Segre, il carcere e il treno della morte

Le atrocità della deportazione nel racconto della senatrice a vita. Il ricordo del padre e l'invito ai ragazzi: "Non siate avari di abbracci"



AREZZO — Cosa pensa una bambina di tredici anni di fronte al dramma che sta vivendo? “Ascoltavo alla radio l'avanzata di questo potente esercito nazista che dopo l'8 settembre invase anche l'Italia. Quando entrarono in vigore le leggi razziste, ci fu la fuga. Molti lasciarono le loro case per trovare rifugio all'estero. Noi restammo, eravamo italiani. Poi venne un amico che bussò alla porta di casa nostra e mi portò via. Non capivo. Mi nascosero due famiglie e da quel giorno capi il significato della parola amicizia”. 

E’ il passaggio che usa Liliana Segre nell'incontro a Rondine, per descrivere ciò che ha visto e vissuto nella follia di quel tempo; cose molto lontane dai giovani di oggi eppure ancora così vive e laceranti. Guai a dimenticarle. Anche Liliana Segre è stata “clandestina”: lo ha ricordato il primo giorno del suo insediamento a Palazzo Madama raccontando la fatica “di superare quella montagna, dietro Varese, e la gioia di essere arrivata in Svizzera. 

“Ma non ci fecero entrare, ci riaccompagnarono dietro. Al confine fummo arrestati dai finanzieri in camicia nera che erano disperati nel compiere quel gesto. Ricordo come camminammo da prigionieri su quella montagna che avevamo disceso poche ore prima, pieni di speranza”. 

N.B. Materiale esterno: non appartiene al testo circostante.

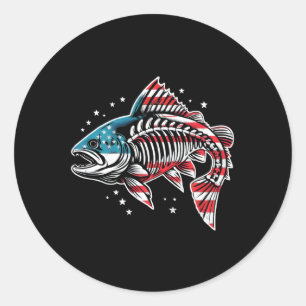 Sticker Rond Tie Dye Skeleton Saumon American 4 juillet Fish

A tredici anni, Liliana Segre è entrata nel carcere femminile di Varese, poi in quello di Como e infine a San Vittore, Milano. “Lì sono stata 40 giorni nella cella insieme a mio padre. Dico ai giovani non siate avari di un abbraccio in più con i vostri genitori. Mio padre aveva 43 anni ed io lo dovevo consolare quando tornava dagli interrogatori. Un giorno entrò un tedesco e lesse un elenco di oltre centocinque persone che dovevano partire per ignota destinazione. Di questi 105, siamo tornati in 22. I vagoni del treno avevano un pò di paglia per terra e un secchio. Quando 40, 50 persone sono dentro un vagone e non sanno dove andranno, quel secchio diventa importante. Vedevo passare da quei finestrini il confine; vidi l'Austria e piangemmo”, spiega la senatrice a vita e la sua testimonianza smuove le coscienze.